Actually, if you accumulate the gradient for 8 steps until you update the model with a mini-batch size of 16, you have an effective batch size of 128, just like before.

In [None]:
# Set gradient accumulation steps
accumulation_steps = 8  # For example, accumulate over 4 mini-batches

Now we can retrain the model with a large effective batch size of 128, and still keep it within the available memory.

In [None]:
# Training loop
for batch_id, batch in enumerate(train_loader):
    # Stop at the 11th batch
    if batch_id >= 10:
        break
    print(f"Training batch {batch_id} now")

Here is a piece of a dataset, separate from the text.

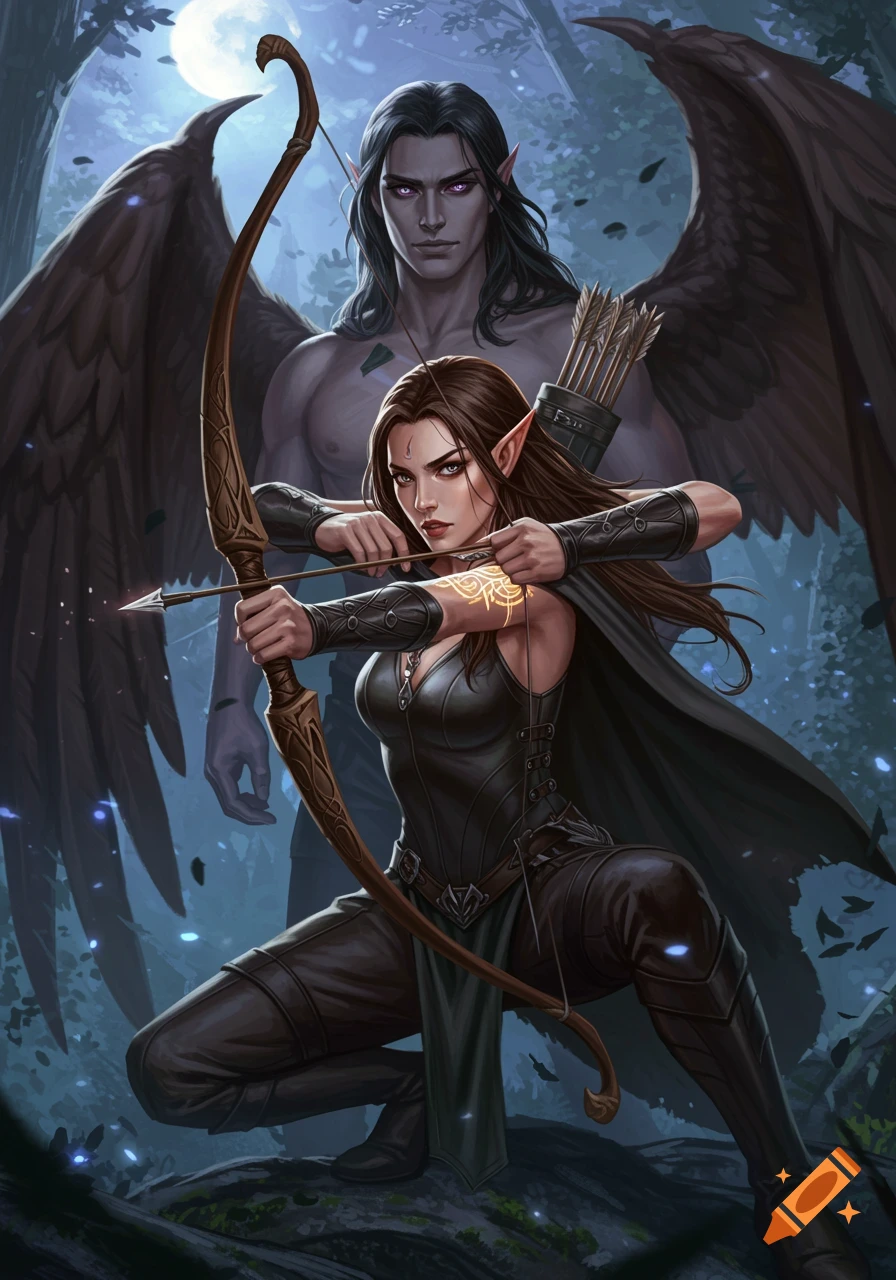 A female elf archer in dark leather armor aims a bow, with a man with dark wings and violet eyes behind her in a moonlit fantasy forest.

    # Move inputs and labels to the GPU
    inputs = batch["input_ids"].to(device)
    attention_mask = batch["attention_mask"].to(device)
    labels = batch["label"].to(device)

    # Forward pass
    outputs = model(inputs, attention_mask=attention_mask, labels=labels)
    loss = outputs.loss

    # Normalize loss for gradient accumulation
    loss = loss / accumulation_steps

    # Backward pass
    loss.backward()

    # Step the optimizer every `accumulation_steps`
    if (batch_id + 1) % accumulation_steps == 0:
        optimizer.step()
        optimizer.zero_grad()  # Clear gradients

Training batch 0 now
Training batch 1 now
Training batch 2 now
Training batch 3 now
Training batch 4 now
Training batch 5 now
Training batch 6 now
Training batch 7 now
Training batch 8 now
Training batch 9 now


## Mixed precision training
Saving memory is like saving money. All you need to do is to knock off a bunch of 0s. In this case, Pytorch automatically does it for you. Just import the tools.

In [None]:
# Import from torch.amp if you are using torch > 2.0
from torch.amp import autocast, GradScaler

# In previous versions of Pytorch, you import from torch.cuda.amp
# from torch.cuda.amp import autocast, GradScaler

Wipe the slate clean before you start over, as always.

In [None]:
# delete the variables that take up the most memory
del optimizer
del train_loader
del batch
del inputs
del attention_mask
del labels
del outputs
del loss

# Clear cache before measuring
gc.collect()
torch.cuda.empty_cache()


Now, reinitialize the dataloader with a batch size of 128 and reset the learning rate in the optimizer.

In [None]:
train_loader = torch.utils.data.DataLoader(train_dataset, batch_size=128, shuffle=True)
optimizer = AdamW(model.parameters(), lr=2e-5)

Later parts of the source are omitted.